### EXERCISE DESCRIPTION
For the listing below, the answer is an exact retyping of the lines from the one with "Комікс російською мовою" through the one with "畜產試驗所舉辦年度研發成果展", both included, without pictures.

### EXTRACTED DATA
[Start of Attachment]
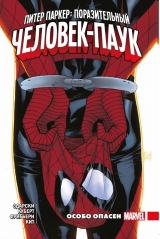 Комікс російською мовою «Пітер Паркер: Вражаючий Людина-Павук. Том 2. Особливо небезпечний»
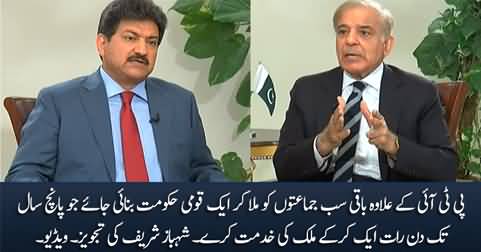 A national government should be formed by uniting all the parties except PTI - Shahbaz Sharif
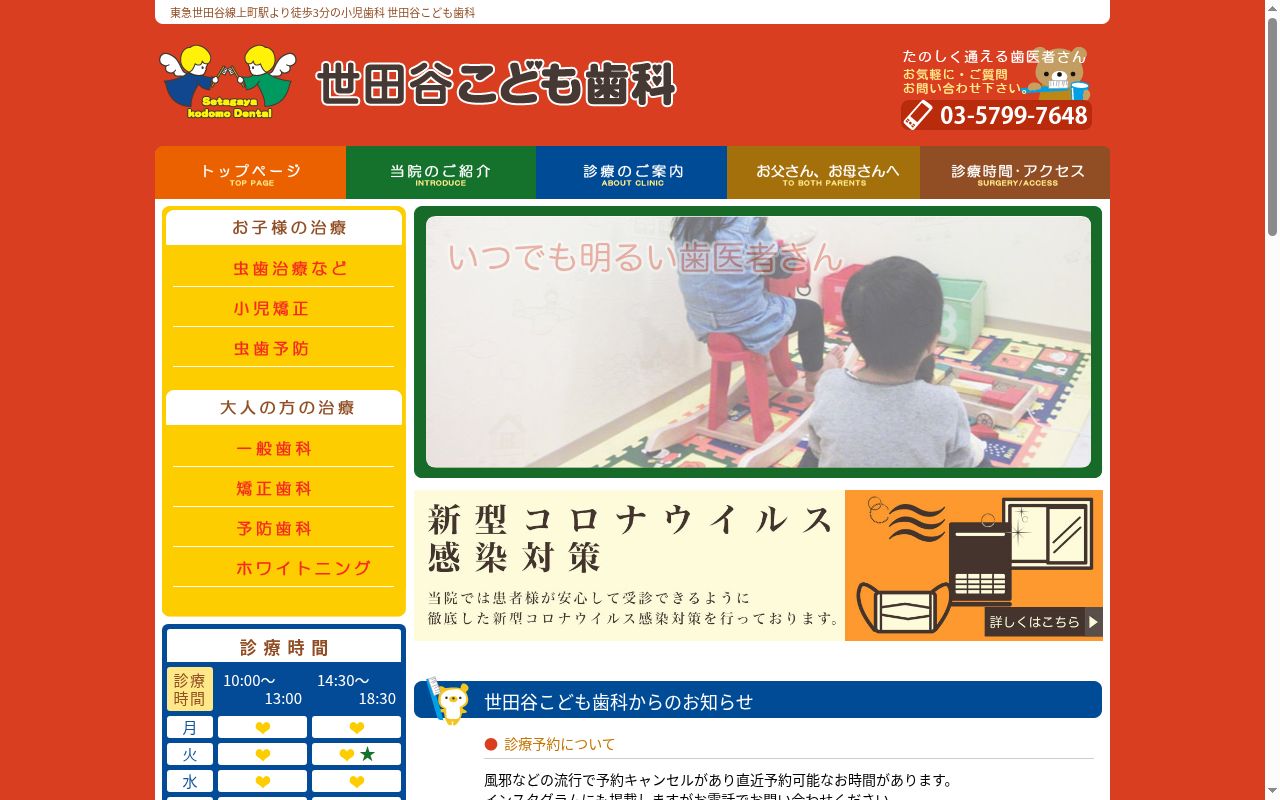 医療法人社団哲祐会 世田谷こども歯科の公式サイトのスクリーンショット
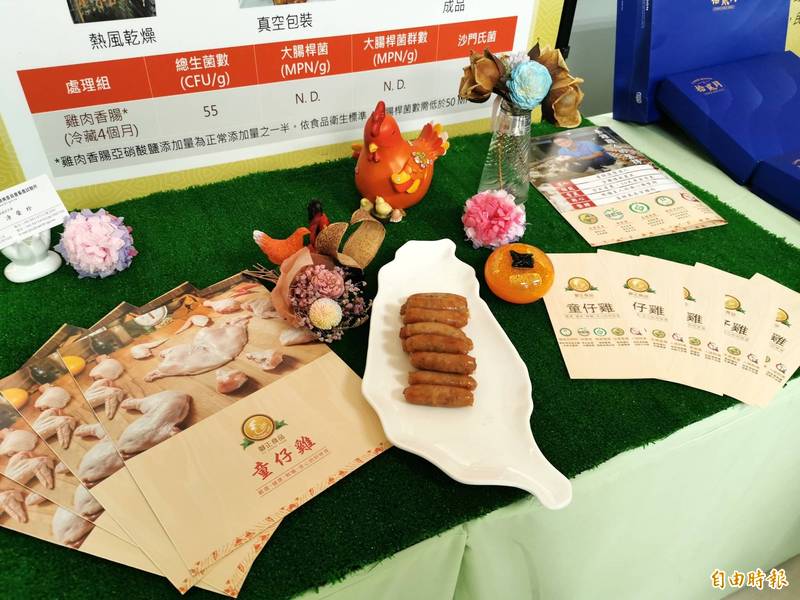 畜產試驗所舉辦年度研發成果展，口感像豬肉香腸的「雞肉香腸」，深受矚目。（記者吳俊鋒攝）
[End of Attachment]
[Start of Attachment]
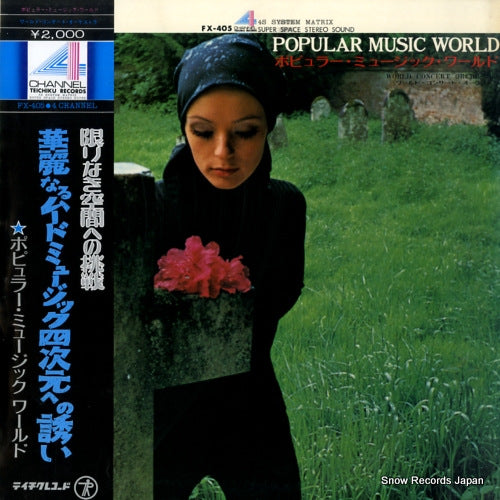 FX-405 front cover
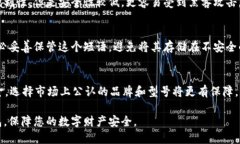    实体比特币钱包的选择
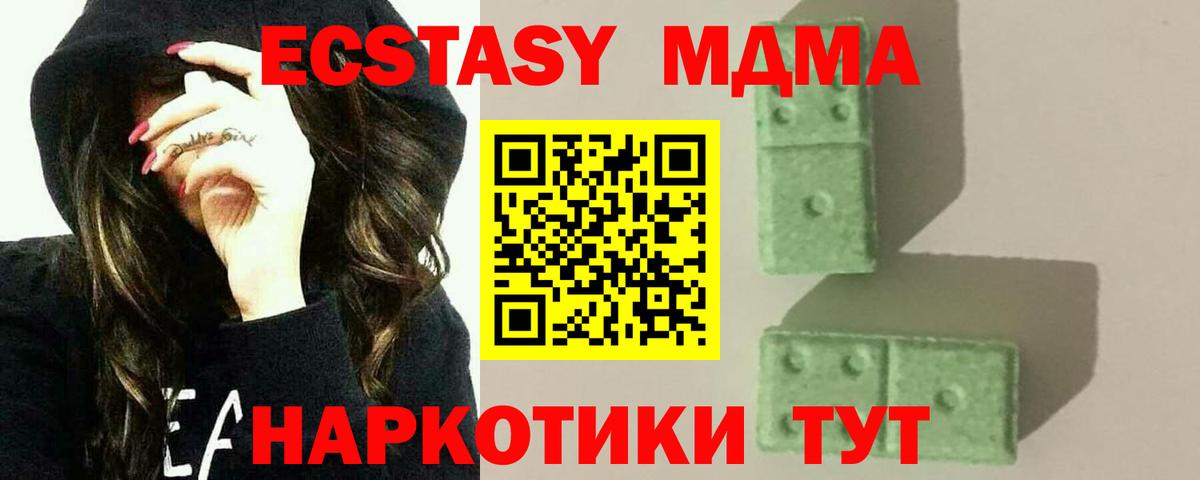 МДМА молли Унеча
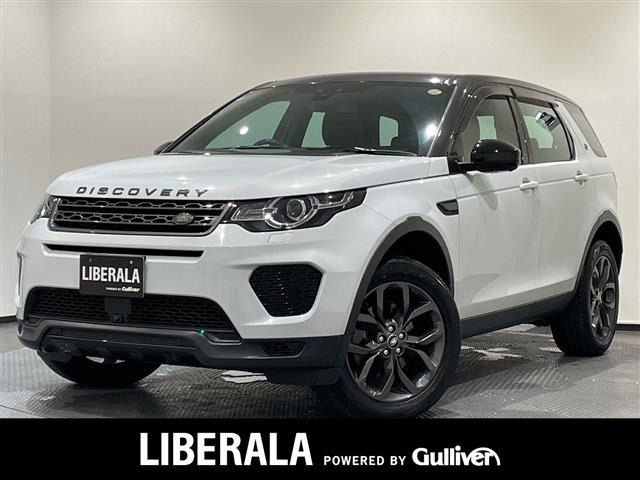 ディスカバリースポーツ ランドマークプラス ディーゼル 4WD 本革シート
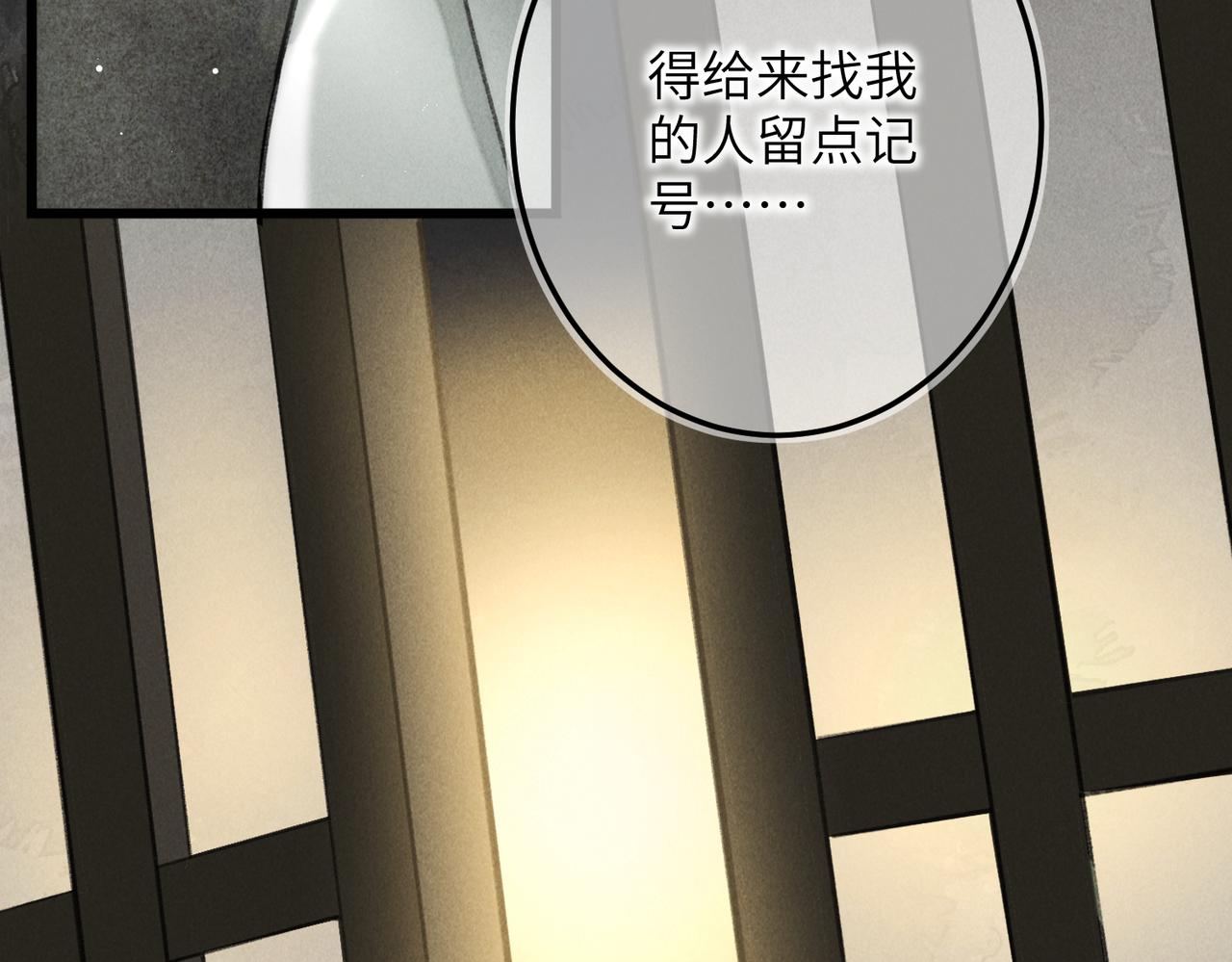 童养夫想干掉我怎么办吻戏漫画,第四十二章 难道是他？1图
[End of Attachment]
[Start of Attachment]
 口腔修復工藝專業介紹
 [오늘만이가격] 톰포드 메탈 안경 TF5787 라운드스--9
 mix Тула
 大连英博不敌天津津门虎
[End of Attachment]
### TASK RESPONSE
 Комікс російською мовою «Пітер Паркер: Вражаючий Людина-Павук. Том 2. Особливо небезпечний»
 A national government should be formed by uniting all the parties except PTI - Shahbaz Sharif
 医療法人社団哲祐会 世田谷こども歯科の公式サイトのスクリーンショット
 畜產試驗所舉辦年度研發成果展，口感像豬肉香腸的「雞肉香腸」，深受矚目。（記者吳俊鋒攝）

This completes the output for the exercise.